Both Eliezer and Robin Hanson have argued strongly against time discounting of utility.
I don’t understand, what are their arguments?
Isn’t time discounting mainly a result of risk aversion? What is wrong with being risk averse?
If an agent’s utility function does place more weight on a payoff that is nearer in time, should that agent alter its utility function? Rationality are heuristics used to satisfy one’s utility function. What heuristics are applicable when altering one’s own utility function?
The expected utility of the future can grow much faster than its prior probability shrinks.

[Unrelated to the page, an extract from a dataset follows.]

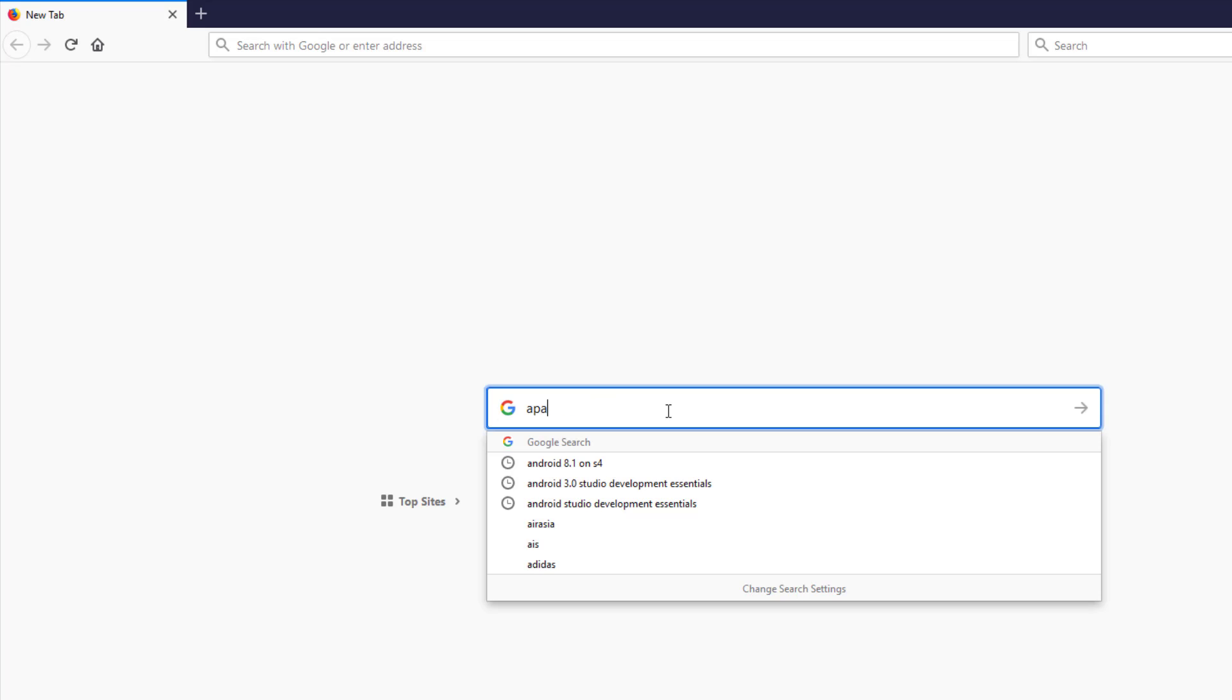Okay, this tutorial will show you how to install Apache NetBeans 11.0.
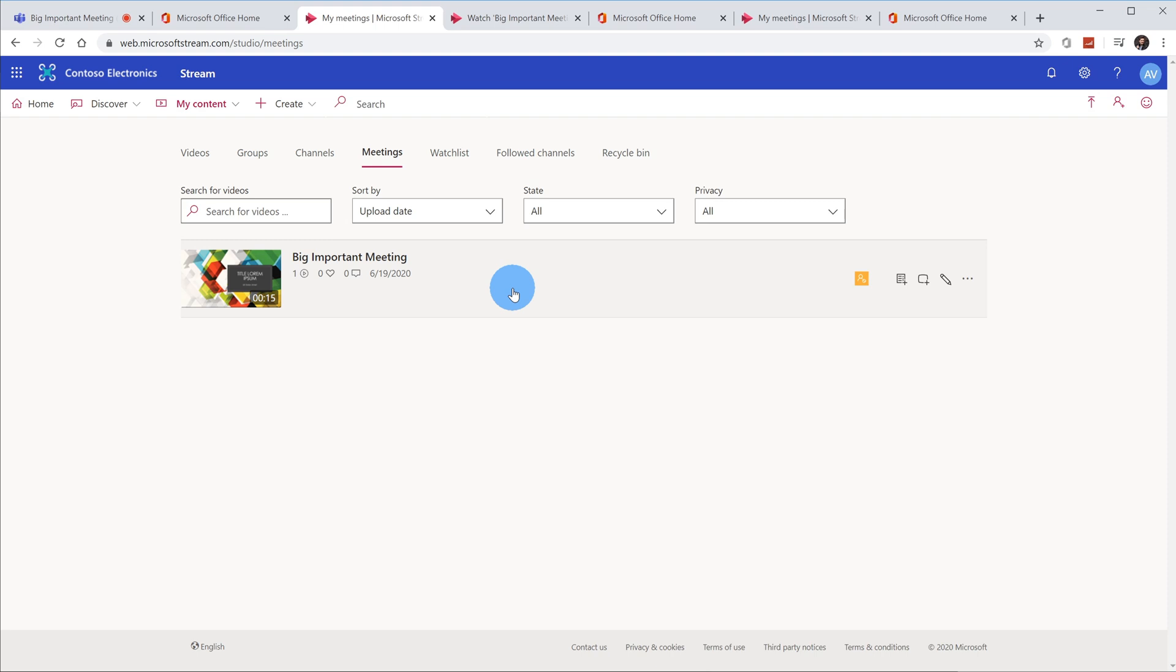All right, well that was a really quick example of how you can record your meetings in Microsoft Teams, and not only how you can record it, but how you could get back to your recording after the fact and also how you could share the recording with others.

Without any time preferences, at what point does a rational agent stop its exploration and start the exploitation to actually “consume” utility?
I don’t understand, what are their arguments?
Isn’t time discounting mainly a result of risk aversion? What is wrong with being risk averse?
If an agent’s utility function does place more weight on a payoff that is nearer in time, should that agent alter its utility function? Rationality are heuristics used to satisfy one’s utility function. What heuristics are applicable when altering one’s own utility function?
The expected utility of the future can grow much faster than its prior probability shrinks. Without any time preferences, at what point does a rational agent stop its exploration and start the exploitation to actually “consume” utility?
Eliezer’s arguments here.
I think it is better to think of temporal discounting and risk aversion as orthogonal.
Exploration vs expolitation is based on what the utility function says.